Airline passengers would pay $5 billion more over the next decade for travel security under Obama's budget.
The administration and Congress agreed in January to raise the Transportation Security Administration fee on each ticket from $2.50 per leg of a trip, capped at $5, to $5.60 each way. Portions of the travel industry criticized the increase because it was used to reduce the deficit rather than being spent directly on security, reports USA Today.
Obama's spending blueprint also says TSA will reduce staffing costs $100 million over the next year by focusing on high-risk passengers through programs such as Pre-check, which allows some travelers to use speedier checkpoint lines at the airport, reports USA Today.
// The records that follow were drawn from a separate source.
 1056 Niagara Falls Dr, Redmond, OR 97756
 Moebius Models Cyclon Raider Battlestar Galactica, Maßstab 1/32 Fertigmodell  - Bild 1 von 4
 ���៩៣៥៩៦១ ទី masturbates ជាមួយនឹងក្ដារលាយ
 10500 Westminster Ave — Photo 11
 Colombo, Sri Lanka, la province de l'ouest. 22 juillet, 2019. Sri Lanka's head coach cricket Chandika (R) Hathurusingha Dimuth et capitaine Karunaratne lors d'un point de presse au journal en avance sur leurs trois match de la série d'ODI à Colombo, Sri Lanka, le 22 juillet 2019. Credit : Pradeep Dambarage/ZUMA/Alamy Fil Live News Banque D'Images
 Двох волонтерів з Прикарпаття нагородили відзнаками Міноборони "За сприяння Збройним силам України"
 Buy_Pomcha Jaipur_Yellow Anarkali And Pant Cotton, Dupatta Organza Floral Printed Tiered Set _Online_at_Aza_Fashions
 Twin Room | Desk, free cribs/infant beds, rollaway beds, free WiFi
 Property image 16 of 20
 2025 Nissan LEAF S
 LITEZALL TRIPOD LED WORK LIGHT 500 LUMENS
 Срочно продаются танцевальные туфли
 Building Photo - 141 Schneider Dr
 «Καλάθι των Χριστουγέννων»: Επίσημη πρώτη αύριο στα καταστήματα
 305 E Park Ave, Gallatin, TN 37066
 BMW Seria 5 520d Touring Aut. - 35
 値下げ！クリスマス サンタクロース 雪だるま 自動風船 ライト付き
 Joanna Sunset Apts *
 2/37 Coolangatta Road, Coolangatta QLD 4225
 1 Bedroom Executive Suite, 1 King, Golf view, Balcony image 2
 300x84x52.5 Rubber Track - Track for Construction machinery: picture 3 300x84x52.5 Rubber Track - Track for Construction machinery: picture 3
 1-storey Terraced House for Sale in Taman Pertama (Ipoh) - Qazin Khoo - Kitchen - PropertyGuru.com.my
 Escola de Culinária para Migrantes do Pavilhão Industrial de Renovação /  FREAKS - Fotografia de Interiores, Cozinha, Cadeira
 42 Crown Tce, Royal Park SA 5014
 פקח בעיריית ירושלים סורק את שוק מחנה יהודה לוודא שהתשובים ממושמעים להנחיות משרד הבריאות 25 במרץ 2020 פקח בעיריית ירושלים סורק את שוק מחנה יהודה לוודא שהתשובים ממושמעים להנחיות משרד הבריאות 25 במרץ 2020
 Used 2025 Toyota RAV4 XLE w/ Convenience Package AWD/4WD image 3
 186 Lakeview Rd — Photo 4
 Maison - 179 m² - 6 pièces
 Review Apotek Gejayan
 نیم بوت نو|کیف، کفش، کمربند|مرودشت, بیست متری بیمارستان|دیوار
The administration plans to reinvest part of that savings in technology, according to the budget.
The TSA fee is part of $56 billion in new revenue or spending cuts that Obama proposed, in exchange for new proposals in his budget, reports USA Today. The two-year budget deal that Obama struck with Congress in January set overall spending limits, but left details of this year's $3.9 trillion blueprint to be negotiated through legislation during the rest of the year.
Other provisions in Obama's proposal tinker with airport-construction grants and the shift from ground-based radar to satellite-based navigation for air-traffic control. The air traffic control project called NextGen aims to make air travel safer and more efficient by making flight paths more precise, which would burn less fuel and save time.